Fake products in India are not only widely spread in the market but it has reached your fuel tank too. In the last three-and-a-half years, a total of 4,375 cases of fuel adulteration have been registered in the country, out of which 33 retail outlets have already been permanently shut down, Dharmendra Pradhan, Minister of Petroleum & Natural Gas, reveals in a reply to a question in Rajya Sabha. While adulteration in fuel damages the vehicle, it becomes more dangerous because it generates significant health hazards too. Adulterated petrol and diesel emit dangerous levels of hydrocarbons, carbon monoxide, oxides of nitrogen, particulate matter and can cause increased emissions of air toxic substances.

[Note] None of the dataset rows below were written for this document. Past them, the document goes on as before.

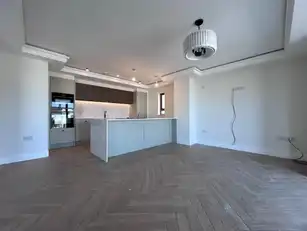 105 Strand RoadImage 3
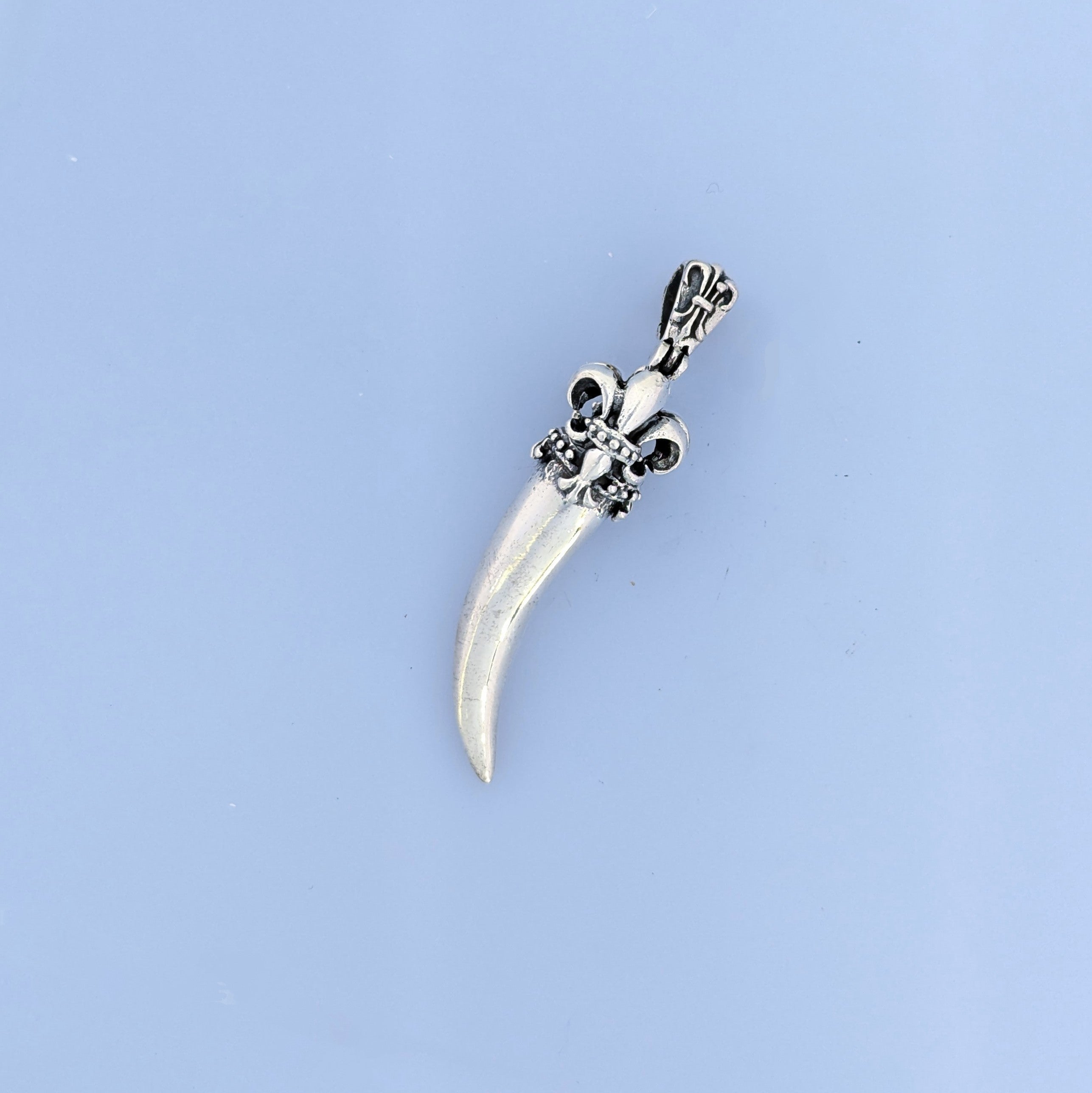 シルバー925ネックレストップ《Long rhino horn》 – ALZUNI ONLINE SHOP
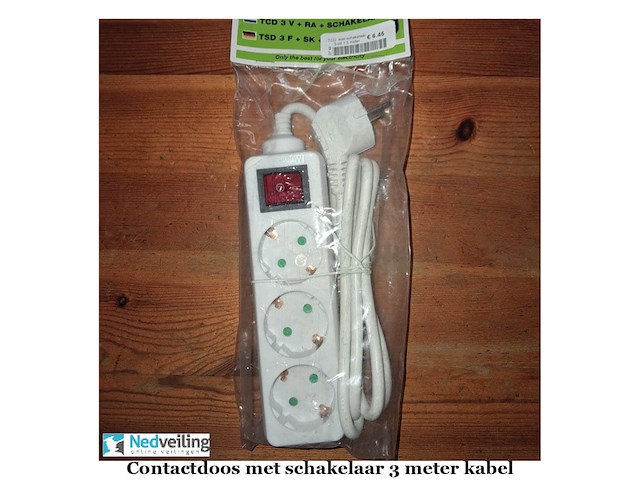 Stekkerblok met schakelaar 3 meter kabel - afbeelding 2 van  3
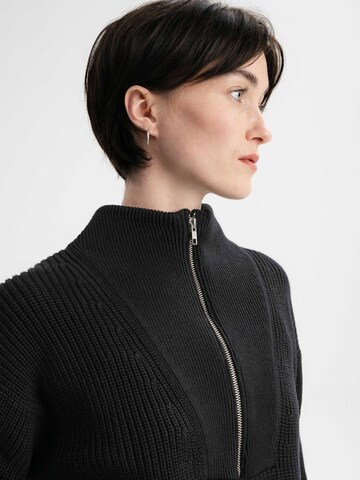 MELA Свитер 'Kimaya' в Черный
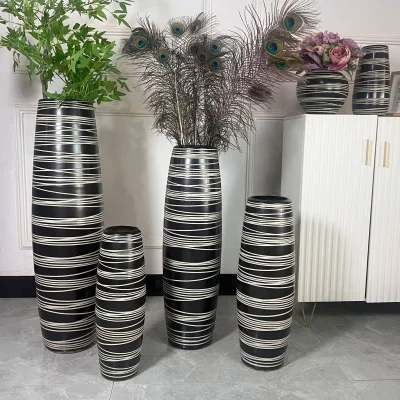 Italian Modern Fashion European Style Porcelain Floor Vase Simple Black White Line Art Living Room Christmas Decor Batch 8001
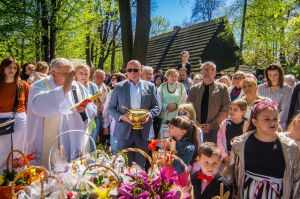 Tradycyjne święcenie koszyczków wielkanocnych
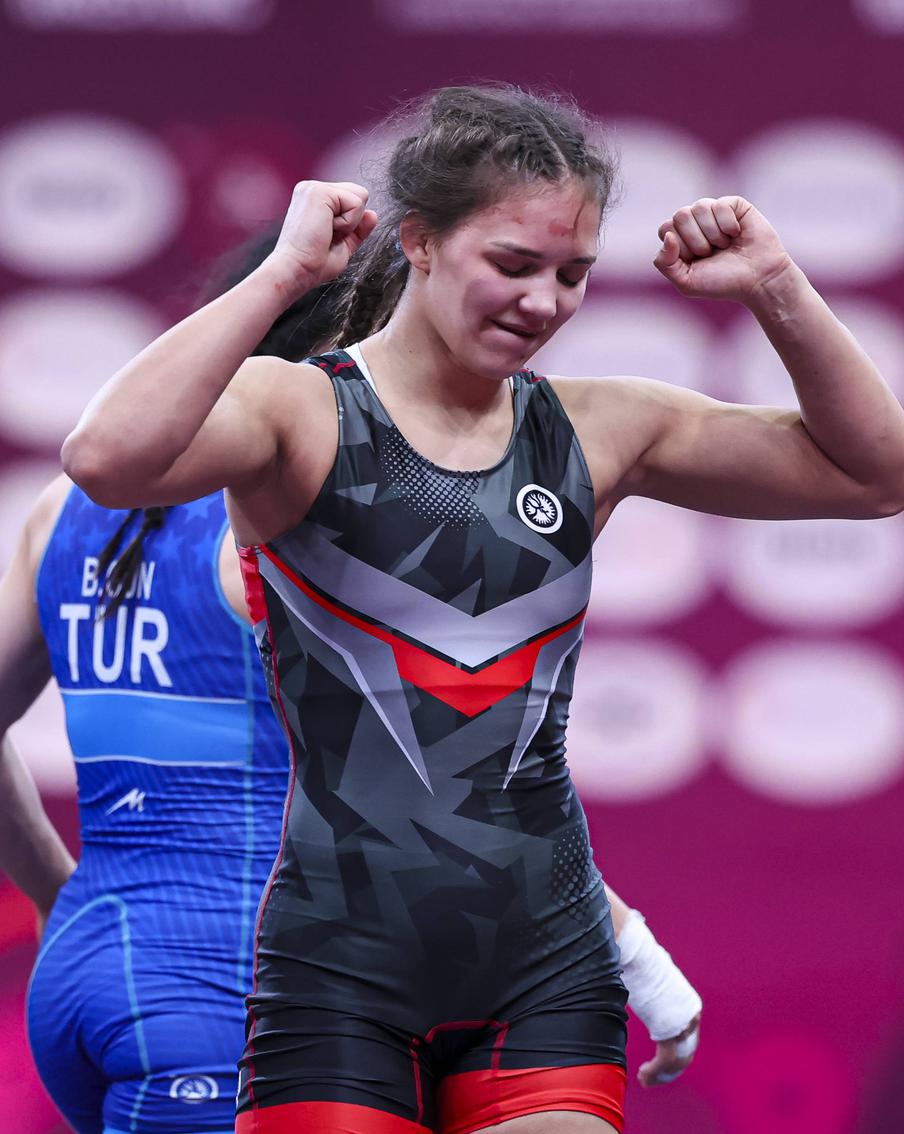 Российские борцы в Словакии заболели вирусом победителя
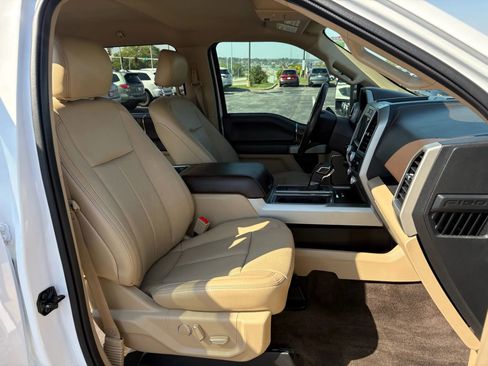 Used 2018 Ford F150 Lariat w/ Equipment Group 502A Luxury image 15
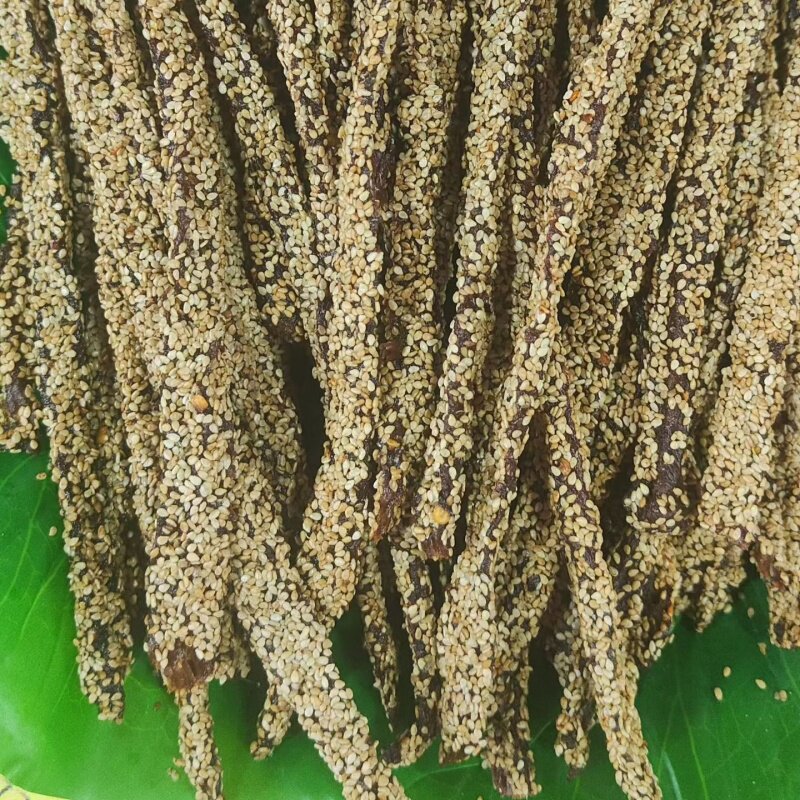 芝麻干巴傣族牛肉干巴芒市特色德宏特产芝麻牛干巴香酥脆真空包装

Such fuel can also produce carcinogenic pollutants, which can lead to cancer. Even when the government has made strict laws against adulteration of fuel, it still causes a loss of around Rs 10,000 crore annually in India. “The Central Government has issued the Motor Spirit and High-Speed Diesel Order, 2005 under Essential Commodities Act, 1955 which provides for punitive action against malpractices such as adulteration of petroleum products,” Dharmendra Pradhan added.
The price difference between different fuels is the main reason behind the adulteration. Gasoline carries a much higher tax than diesel, which in turn is taxed more than kerosene. Industrial solvents and recycled lubricants are other materials with little or no tax, which makes it lucrative to add as an adulterant. Naphtha is a commonly used adulterant for gasoline, which is imported in a large quantity and is diverted for adulteration.
Another major adulterant is kerosene, however, adulterating gasoline with kerosene causes an increase in emissions, as kerosene is more difficult to burn than gasoline and this results in higher levels of HC, CO, and PM.